Does the suffix L after a number always have the same effect as placing a parenthesis with "long" in it before the number?

Question

Take, for instance, 0xffffffffL.

Suppose int is 32 bits, is 0xffffffffL the same as (long)0xffffffff? In other words, is the type of 0xffffffffL long?

Since the type of 0xffffffff is unsigned int, I think that 0xffffffffL is unsigned long rather than signed long, though I'm not sure.

Does that depend on whether long is 32 or 64 bits?

Answer 1

Quoting from C99 draft standard N1256 (emphasis mine):

6.4.4.1 Integer constants

[...]

Description

An integer constant begins with a digit, but has no period or exponent part. It may have a prefix that specifies its base and a suffix that specifies its type.

[...]

Semantics

The type of an integer constant is the first of the corresponding list in which its value can be represented.

[...]

Suffix             Decimal Constant          Octal or Hexadecimal constant
--------------------------------------------------------------------------
none               int                       int
                   long int                  unsigned int
                   long long int             long int
                                             unsigned long int
                                             long long int
                                             unsigned long long int
--------------------------------------------------------------------------
[...]
--------------------------------------------------------------------------
l or L             long int                  long int
                   long long int             unsigned long int
                                             long long int
                                             unsigned long long int

[...]

If an integer constant cannot be represented by any type in its list, it may have an extended integer type, if the extended integer type can represent its value. If all of the types in the list for the constant are signed, the extended integer type shall be signed. If all of the types in the list for the constant are unsigned, the extended integer type shall be unsigned. If the list contains both signed and unsigned types, the extended integer type may be signed or unsigned. If an integer constant cannot be represented by any type in its list and has no extended integer type, then the integer constant has no type.

Thus, according to the above citation:

• Neither the type or the size of a constant such as 0xffffffffL is uniquely identified by the suffix. It depends also on the actual bit width of a long, which is implementation defined (with a minimum of 32 bit).

• 0xffffffff is not guaranteed to be unsigned int. unsigned int has a minimum guaranteed bit width of 16, thus if you are on a platforms where ints are 16 bit, 0xffffffff could well be unsigned long. 0xffffffff can also be an int (as pointed out in a comment), i.e. it is not even guaranteed to be unsigned, if int type can be used to represent it (e.g. platforms where int is 64 bit).

• Adding a parenthesized type in front of an expression is a type casting operation, which forces the conversion of the constant to the type indicated in parentheses.

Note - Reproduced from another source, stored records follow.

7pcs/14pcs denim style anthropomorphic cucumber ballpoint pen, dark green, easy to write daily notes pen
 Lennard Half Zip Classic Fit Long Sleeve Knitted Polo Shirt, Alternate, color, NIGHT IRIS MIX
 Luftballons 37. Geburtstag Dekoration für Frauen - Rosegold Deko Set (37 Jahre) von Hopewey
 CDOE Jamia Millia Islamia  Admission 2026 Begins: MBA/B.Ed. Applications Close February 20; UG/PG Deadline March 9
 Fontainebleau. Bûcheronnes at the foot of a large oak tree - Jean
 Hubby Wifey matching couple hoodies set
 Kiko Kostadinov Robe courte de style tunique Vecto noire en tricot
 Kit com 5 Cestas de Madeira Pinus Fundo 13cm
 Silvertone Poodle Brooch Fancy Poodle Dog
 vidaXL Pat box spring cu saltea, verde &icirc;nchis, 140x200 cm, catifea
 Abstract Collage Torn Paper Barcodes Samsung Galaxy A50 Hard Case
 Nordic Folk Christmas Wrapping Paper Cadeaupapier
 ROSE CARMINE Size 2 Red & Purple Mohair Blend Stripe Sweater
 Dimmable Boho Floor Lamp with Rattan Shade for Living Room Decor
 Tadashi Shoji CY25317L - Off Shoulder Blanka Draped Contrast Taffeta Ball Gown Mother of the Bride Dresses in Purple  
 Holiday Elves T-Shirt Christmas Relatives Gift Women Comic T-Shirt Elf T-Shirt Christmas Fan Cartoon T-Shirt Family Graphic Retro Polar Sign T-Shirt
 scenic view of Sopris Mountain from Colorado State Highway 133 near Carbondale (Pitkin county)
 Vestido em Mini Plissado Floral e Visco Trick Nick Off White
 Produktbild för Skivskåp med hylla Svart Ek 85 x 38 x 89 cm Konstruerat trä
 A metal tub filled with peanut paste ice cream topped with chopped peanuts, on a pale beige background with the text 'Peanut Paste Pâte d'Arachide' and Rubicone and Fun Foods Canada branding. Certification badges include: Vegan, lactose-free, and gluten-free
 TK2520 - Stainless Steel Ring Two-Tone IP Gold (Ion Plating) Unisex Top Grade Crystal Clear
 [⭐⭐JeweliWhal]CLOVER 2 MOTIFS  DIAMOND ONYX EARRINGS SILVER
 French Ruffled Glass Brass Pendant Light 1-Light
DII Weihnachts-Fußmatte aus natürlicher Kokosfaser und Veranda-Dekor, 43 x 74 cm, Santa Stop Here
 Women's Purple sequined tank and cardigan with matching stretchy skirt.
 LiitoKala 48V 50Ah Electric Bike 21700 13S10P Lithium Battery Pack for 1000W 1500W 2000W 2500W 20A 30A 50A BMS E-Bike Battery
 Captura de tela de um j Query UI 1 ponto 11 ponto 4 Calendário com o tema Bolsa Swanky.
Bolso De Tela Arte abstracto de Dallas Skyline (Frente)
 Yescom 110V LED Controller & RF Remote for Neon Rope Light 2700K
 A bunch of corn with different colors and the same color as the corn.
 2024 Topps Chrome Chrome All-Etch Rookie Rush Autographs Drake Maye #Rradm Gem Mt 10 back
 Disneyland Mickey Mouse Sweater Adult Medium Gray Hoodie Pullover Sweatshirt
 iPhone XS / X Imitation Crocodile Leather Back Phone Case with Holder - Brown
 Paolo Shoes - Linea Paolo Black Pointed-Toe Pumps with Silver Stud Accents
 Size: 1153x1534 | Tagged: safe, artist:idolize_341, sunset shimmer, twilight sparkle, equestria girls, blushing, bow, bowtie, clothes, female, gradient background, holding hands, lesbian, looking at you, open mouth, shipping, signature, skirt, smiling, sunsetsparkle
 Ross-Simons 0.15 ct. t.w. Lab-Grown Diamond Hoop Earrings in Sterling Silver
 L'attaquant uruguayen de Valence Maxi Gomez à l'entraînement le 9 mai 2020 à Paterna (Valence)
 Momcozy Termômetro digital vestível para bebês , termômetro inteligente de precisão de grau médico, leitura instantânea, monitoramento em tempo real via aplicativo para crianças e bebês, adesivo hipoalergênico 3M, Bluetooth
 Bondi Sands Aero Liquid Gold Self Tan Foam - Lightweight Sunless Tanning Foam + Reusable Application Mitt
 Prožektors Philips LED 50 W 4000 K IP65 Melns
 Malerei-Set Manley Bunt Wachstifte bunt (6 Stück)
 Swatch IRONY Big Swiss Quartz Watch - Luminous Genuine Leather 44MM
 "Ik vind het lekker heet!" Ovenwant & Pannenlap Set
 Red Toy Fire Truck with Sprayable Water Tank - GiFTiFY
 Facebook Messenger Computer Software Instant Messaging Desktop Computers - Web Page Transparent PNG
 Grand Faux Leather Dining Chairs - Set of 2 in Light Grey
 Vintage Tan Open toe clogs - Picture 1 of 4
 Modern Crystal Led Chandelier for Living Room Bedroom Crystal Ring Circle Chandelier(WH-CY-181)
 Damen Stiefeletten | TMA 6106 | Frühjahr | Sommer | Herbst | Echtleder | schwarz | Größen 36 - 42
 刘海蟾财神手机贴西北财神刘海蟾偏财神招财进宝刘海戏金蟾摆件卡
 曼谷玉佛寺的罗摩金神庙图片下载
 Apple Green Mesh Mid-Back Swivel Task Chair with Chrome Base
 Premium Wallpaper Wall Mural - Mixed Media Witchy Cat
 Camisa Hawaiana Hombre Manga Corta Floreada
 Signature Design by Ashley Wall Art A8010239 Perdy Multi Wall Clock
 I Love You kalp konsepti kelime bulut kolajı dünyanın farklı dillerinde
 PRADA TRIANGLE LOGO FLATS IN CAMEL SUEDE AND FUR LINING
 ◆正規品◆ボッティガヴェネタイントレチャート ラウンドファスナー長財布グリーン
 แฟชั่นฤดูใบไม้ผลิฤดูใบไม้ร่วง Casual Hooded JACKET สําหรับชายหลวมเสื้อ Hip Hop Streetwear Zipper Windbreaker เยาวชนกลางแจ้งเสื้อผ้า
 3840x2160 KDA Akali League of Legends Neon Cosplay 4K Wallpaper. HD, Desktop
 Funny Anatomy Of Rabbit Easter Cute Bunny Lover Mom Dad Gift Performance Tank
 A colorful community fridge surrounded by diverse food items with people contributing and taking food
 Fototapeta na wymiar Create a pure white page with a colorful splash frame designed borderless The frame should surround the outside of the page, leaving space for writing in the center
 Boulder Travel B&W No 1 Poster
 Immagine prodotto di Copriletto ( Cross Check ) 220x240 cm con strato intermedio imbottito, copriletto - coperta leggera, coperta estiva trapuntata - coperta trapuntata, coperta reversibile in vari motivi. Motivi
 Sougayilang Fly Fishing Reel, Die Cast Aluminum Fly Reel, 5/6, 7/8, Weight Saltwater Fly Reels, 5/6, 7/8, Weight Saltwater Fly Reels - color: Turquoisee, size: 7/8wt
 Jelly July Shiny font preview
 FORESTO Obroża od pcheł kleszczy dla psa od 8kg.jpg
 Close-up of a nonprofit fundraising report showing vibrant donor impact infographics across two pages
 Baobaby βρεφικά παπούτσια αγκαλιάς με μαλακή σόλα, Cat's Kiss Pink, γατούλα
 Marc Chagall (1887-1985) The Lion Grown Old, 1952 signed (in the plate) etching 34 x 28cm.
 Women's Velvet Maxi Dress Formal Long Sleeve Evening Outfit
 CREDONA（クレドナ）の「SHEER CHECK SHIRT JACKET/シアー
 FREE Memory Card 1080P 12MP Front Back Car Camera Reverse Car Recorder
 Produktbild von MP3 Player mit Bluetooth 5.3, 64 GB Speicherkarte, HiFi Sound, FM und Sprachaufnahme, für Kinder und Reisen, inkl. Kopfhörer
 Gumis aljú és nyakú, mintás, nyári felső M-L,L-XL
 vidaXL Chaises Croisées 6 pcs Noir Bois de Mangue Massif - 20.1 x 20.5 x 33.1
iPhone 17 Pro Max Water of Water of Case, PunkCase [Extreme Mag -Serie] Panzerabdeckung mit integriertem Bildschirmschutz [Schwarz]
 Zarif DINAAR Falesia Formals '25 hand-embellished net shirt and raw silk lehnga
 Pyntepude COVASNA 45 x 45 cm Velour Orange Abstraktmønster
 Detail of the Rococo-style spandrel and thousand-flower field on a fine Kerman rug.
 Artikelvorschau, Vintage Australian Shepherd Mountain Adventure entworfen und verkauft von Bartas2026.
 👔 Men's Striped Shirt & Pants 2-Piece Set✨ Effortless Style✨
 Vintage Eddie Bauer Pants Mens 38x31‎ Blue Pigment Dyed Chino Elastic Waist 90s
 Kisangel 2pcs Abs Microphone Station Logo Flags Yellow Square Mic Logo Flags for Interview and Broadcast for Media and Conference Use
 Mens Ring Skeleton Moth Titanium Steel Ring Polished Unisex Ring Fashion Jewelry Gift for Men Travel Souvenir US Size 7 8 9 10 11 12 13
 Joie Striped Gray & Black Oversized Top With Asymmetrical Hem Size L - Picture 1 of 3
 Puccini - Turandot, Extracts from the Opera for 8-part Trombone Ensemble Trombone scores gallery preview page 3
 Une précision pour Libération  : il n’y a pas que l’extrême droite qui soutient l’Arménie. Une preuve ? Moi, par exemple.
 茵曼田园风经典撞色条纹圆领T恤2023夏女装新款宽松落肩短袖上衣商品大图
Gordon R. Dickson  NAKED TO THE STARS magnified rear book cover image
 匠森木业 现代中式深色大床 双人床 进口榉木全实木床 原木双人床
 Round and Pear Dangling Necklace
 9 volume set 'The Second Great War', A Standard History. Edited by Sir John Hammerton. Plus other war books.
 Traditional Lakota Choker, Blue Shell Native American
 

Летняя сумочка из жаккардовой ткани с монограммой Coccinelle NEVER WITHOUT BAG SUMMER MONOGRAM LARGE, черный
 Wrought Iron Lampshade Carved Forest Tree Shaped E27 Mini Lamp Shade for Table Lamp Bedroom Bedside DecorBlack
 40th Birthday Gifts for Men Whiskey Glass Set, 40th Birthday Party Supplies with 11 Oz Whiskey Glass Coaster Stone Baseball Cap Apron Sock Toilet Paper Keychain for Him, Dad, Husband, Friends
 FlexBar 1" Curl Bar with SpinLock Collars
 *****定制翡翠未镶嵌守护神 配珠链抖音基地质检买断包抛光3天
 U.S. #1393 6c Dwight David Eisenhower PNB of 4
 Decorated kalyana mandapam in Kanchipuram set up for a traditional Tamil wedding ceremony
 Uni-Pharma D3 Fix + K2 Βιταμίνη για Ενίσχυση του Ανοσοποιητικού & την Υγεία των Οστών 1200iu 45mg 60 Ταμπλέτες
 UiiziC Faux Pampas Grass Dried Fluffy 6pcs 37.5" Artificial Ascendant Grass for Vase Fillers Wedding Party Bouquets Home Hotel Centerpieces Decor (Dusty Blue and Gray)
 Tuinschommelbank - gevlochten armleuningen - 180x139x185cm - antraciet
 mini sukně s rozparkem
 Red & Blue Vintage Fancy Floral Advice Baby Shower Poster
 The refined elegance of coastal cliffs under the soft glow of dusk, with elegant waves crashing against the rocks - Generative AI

Thus the result of the cast (long)0xffffffff will have type long, but the value depends on a variety of factors, as stated by the standard:

6.3 Conversions

[...]

6.3.1.3 Signed and unsigned integers

When a value with integer type is converted to another integer type other than _Bool, if the value can be represented by the new type, it is unchanged.

Otherwise, if the new type is unsigned, the value is converted by repeatedly adding or subtracting one more than the maximum value that can be represented in the new type until the value is in the range of the new type.

Otherwise, the new type is signed and the value cannot be represented in it; either the result is implementation-defined or an implementation-defined signal is raised.